> _What is required_
Retype exactly what appears below from the line containing "Woman wearing a" down to the line containing "A hand holding", keeping both end lines. Do not include pictures.
───── Information ─────
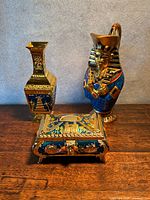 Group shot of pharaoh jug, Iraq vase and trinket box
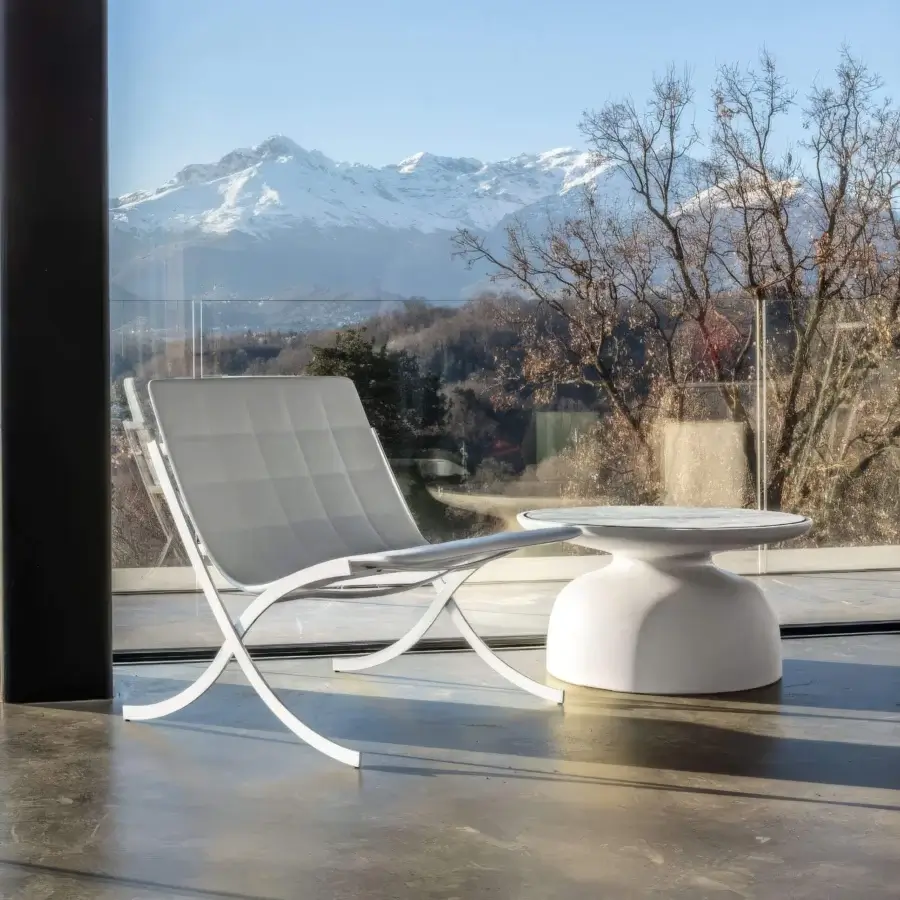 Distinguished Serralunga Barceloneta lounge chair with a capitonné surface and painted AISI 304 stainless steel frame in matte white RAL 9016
─────
───── Information ─────
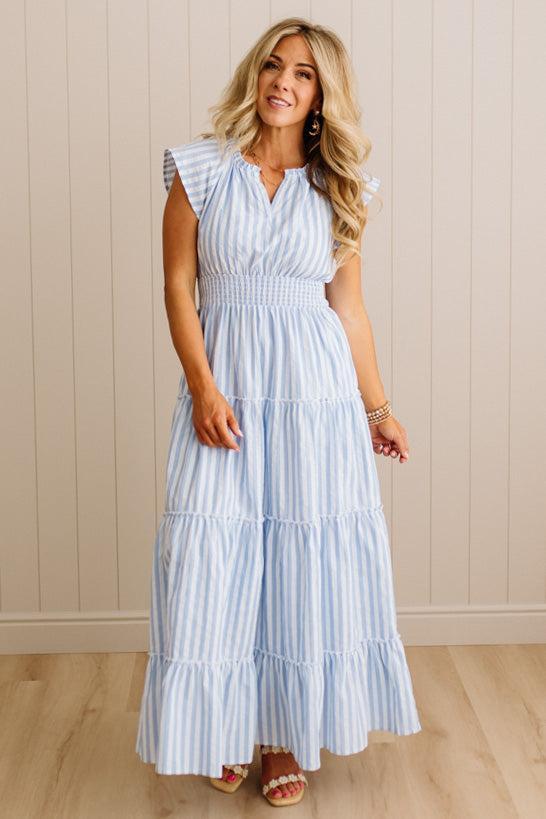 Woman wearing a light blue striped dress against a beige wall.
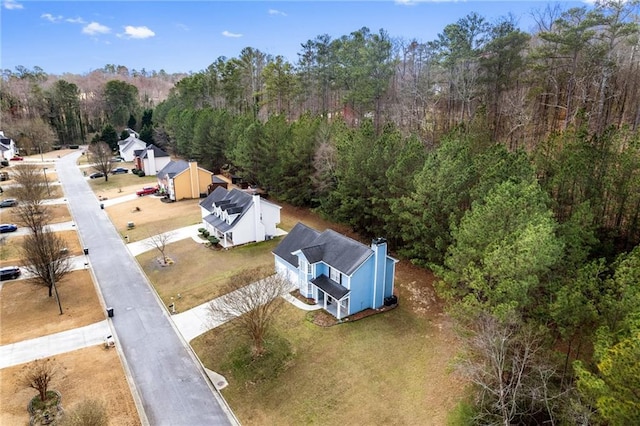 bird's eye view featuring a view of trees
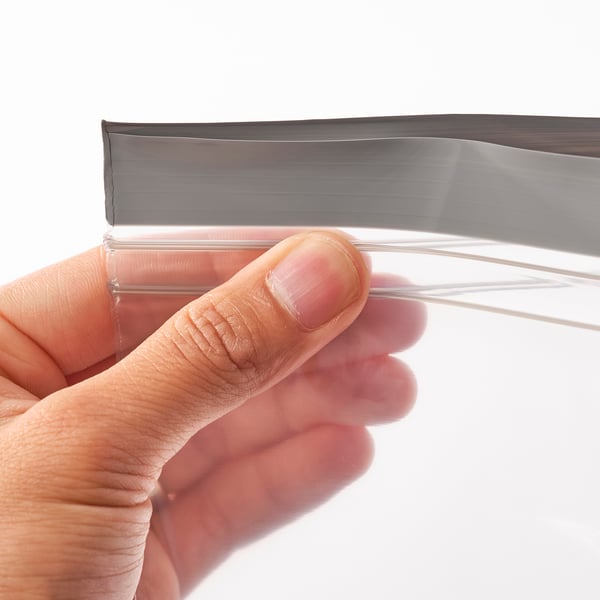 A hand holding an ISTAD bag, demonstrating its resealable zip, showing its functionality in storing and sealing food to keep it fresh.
─────
───── Information ─────
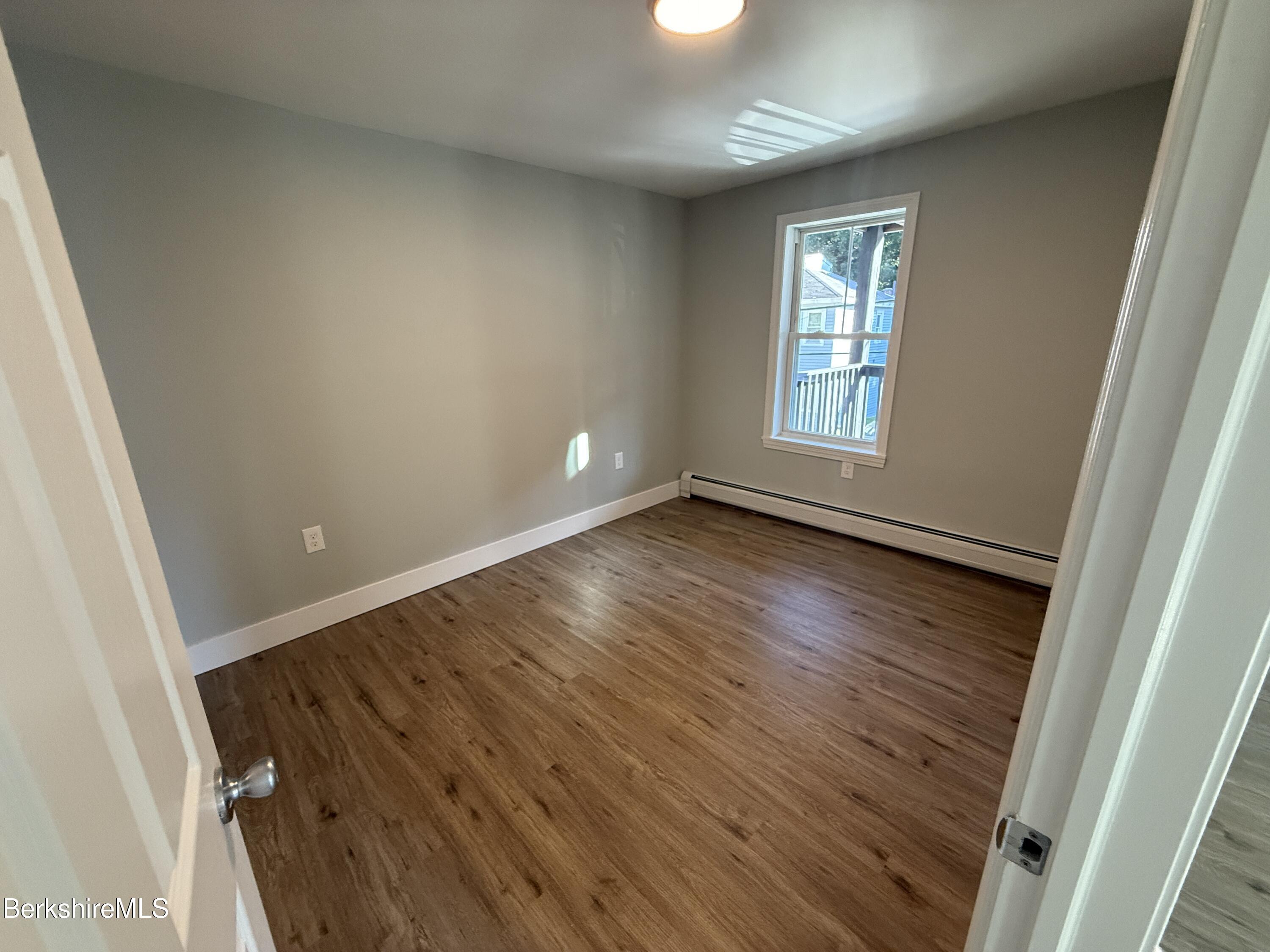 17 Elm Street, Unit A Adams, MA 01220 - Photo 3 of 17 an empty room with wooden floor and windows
─────
> _Answer section_
 Woman wearing a light blue striped dress against a beige wall.
 bird's eye view featuring a view of trees
 A hand holding an ISTAD bag, demonstrating its resealable zip, showing its functionality in storing and sealing food to keep it fresh.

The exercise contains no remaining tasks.